Samurai Rebellion (Japanese, 1967)


Don't let the misleading title and visual mislead you, I seriously thought Samurai Rebellion was a hardcore, action-packed samurai film. But no, 'Samurai Rebellion' is an amazing love story and a gripping story of a father and son relationship. Now, if you're wondering if there are fight scenes—well, there is of course your fair share bloodshed and swordplay, what would you expect!? But if you're expecting graphic violence and sword fight galore like most samurai movies, you are bound to be disappointed, because Samurai Rebellion is so much more to offer than that.

This samurai drama by Kobayashi Masaki (director of another film masterpiece, Harakiri) is a heart wrenching tale about defiance, sense of duty, family, corruption, love, and hope. Few filmmakers like Masaki who can magically transform a simple tale of feudal injustice into such a wonderful historical drama.

This movie might feel a bit slow in the beginning, but as the story develops, every part gets more and more intense, leaving you helplessly captivated. What makes Samurai Rebellion even more outstanding is how cinematography, choreography, and music are ingeniously incorporated to highlight its themes. It's like each frame of this movie has some kind of symbolic meaning—the hum of the wind, the characters' speech delivery, etc. This review is not enough to give justice to this critically-acclaimed movie.


Set in 18th century Japan, during the peaceful mid years of Tokugawa Shogunate's sovereignty, Samurai Rebellion stars Toshiro Mifune as Isaburo Sasahara, an aging yet skilled swordsman living a simple life.

Meanwhile, the Lord Matsudaira of his province's concubine, Ichi, is exiled for displeasing the ruler out of jealousy, despite bearing and being the mother of his heir. Lord Matsudaira orders that Isaburo's son, Yogoro, is to marry and take in his disgraced concubine. Miserable in his own married life, Isaburo halfheartedly follows the order to perform the duty as requested by the clan. The father and son accept the 'disgraced' woman into their home.

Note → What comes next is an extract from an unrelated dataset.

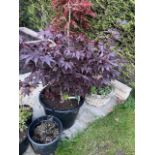 Acer Palmatum 800cm high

However, to their surprise, Ichi is an exceptional woman and the young couple falls deeply in love and bears a daughter, named Tomi. Everything is perfect for two years, until Lord Matsudaira's elder son dies, and he demands the return of Ichi to the castle to take care of their son and heir.

Isaburo, seeing genuine love in the couple, disobeys the lord; Yogoro and Ichi support him. The clan orders their hara-kiri (suicide), and then sends soldiers to kill them.